Recent eDNA studies have confirmed habitat. In 2022, researchers collected Jesser Canyon in Sodwana Bay's South African coast using ROVs and CTD bottles. Coelacanth eDNA was found in three of 15 samples, including one 5 km south, where none were expected. "Coelacanth eDNA was detected from three of 15 samples collected," the Biology Letters study concluded, confirming the test's specificity with primers Lati602F and Lati776R. Two of these were confirmed by ROV video of four individuals, demonstrating the effectiveness of eDNA for hard-to-detect species.
This method could provide better distribution mapping, which is essential since both species are threatened with "critically endangered" status due to gillnet bycatch.

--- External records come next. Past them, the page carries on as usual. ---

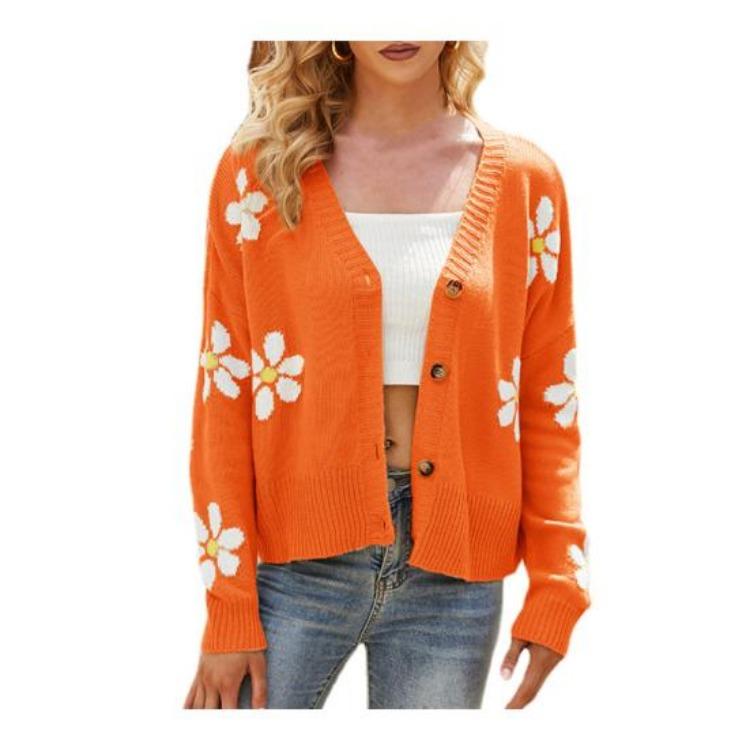 V Neck Floral Pattern Knitwear Cardigan Women Long Sleeve Button Placket Knitting Coat Sweater Jacket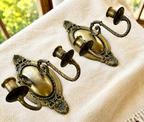 Pair of Antique Brass Wall Sconces | Ornate Victorian Double Arm Candle Holders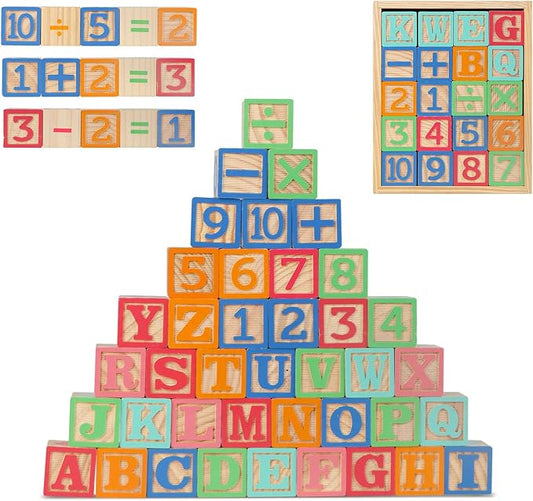 Joqutoys ABC Wooden Building Blocks for Toddlers 3 Large, 40 PCS Alphabet & Number Stacking Blocks with Storage Tray, Montessori Educational Learning Toys for Boys Girls Kids Gifts 1.65"-CubbioJoy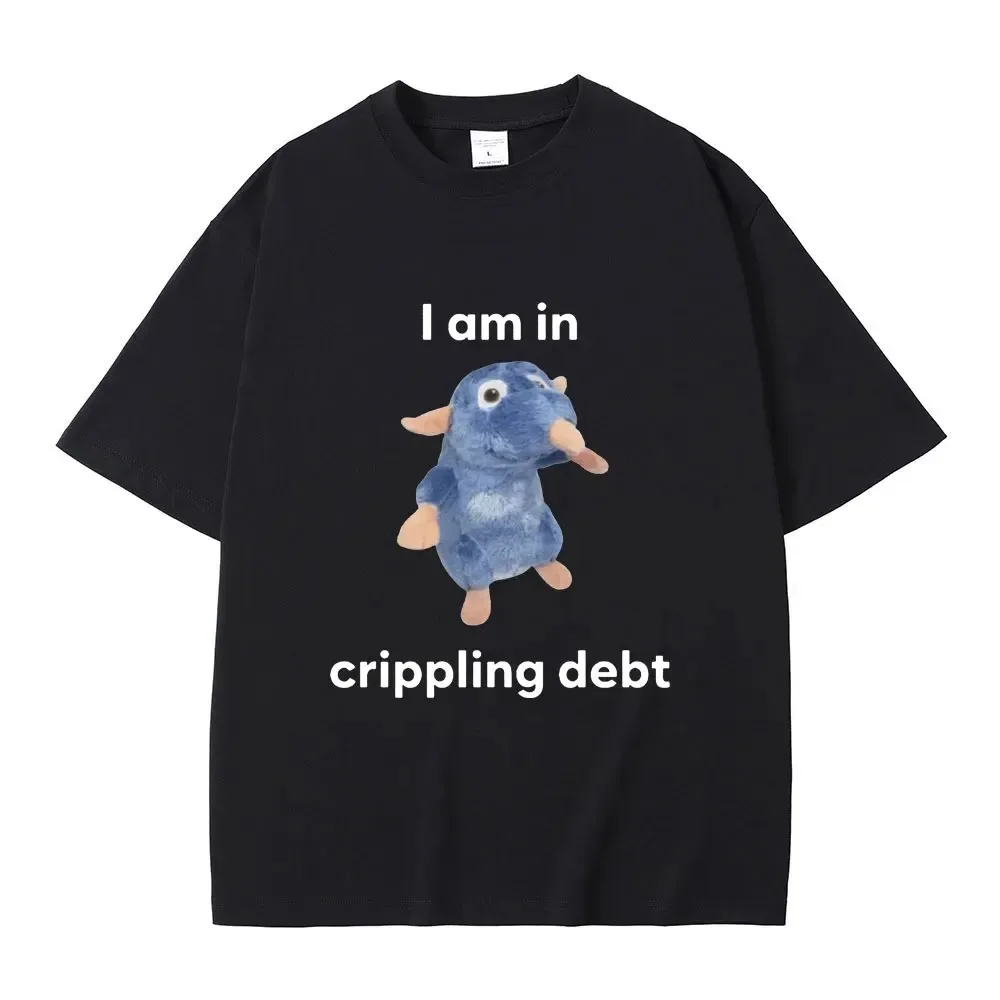 I Am in Crippling Debt T-shirt Cute Funny Rat Graphic Print Tshirt Men Women Casual Oversized Short Sleeve Men Pure Cotton Tees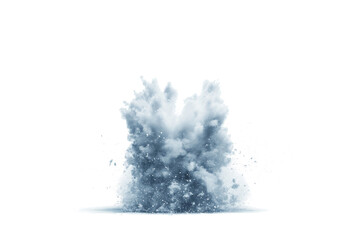 a white background with a blue explosion cutout and isolated on transparent background 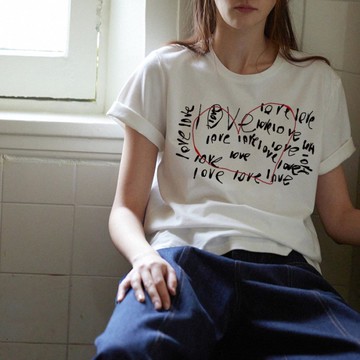 新款韓版女生上衣 慵懶風 男生短袖 oversize寬鬆 韓版短T 圓領半袖 上衣女小個子顯瘦美式復古印花小眾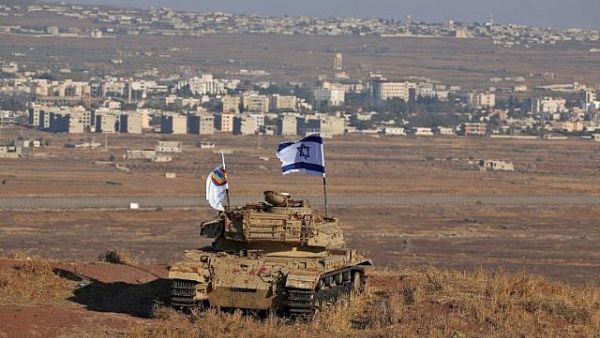 An Israeli tank on the occupied Golan Heights 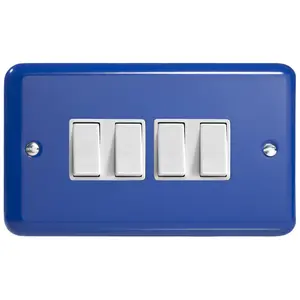 Varilight 4-Gang 10A 1- or 2-Way Rocker Switch (Twin Plate) Reflex Blue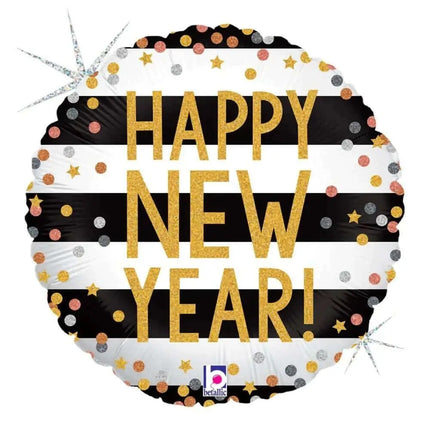 18" New Year Confetti Mylar Balloon Party Expo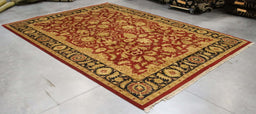 9x13 India Jaipur Red Burgundy Black Wool Rectangular Rug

Coelacanth conservation: Protecting the prehistoric fish
Bycatch is a problem for coelacanths, particularly in Tanzania and Madagascar. Few individuals, possibly only hundreds and a low rate of reproduction make conservation difficult. Bottlenecks are evident in Comoro Island populations, reflected in low genetic diversity.
eDNA provides hope. “Targeted eDNA sampling could potentially prove to be an effective and flexible approach to increase the rate and resolution at which coelacanth populations are surveyed and tracked,” according to the Royal Society study.
Genomic knowledge calls for conservation. The rate of substitution is low, which explains the coelacanth’s lack of change but also its susceptibility. As Smith wrote in his book, a US scientist said after the discovery: “Now I can die happy for I have lived to see the great American public excited about fish.”
Conserving caves and reducing nets is essential. This living fossil, back from 66 million years of extinction, demonstrates the power of resilience, but now requires our assistance to survive.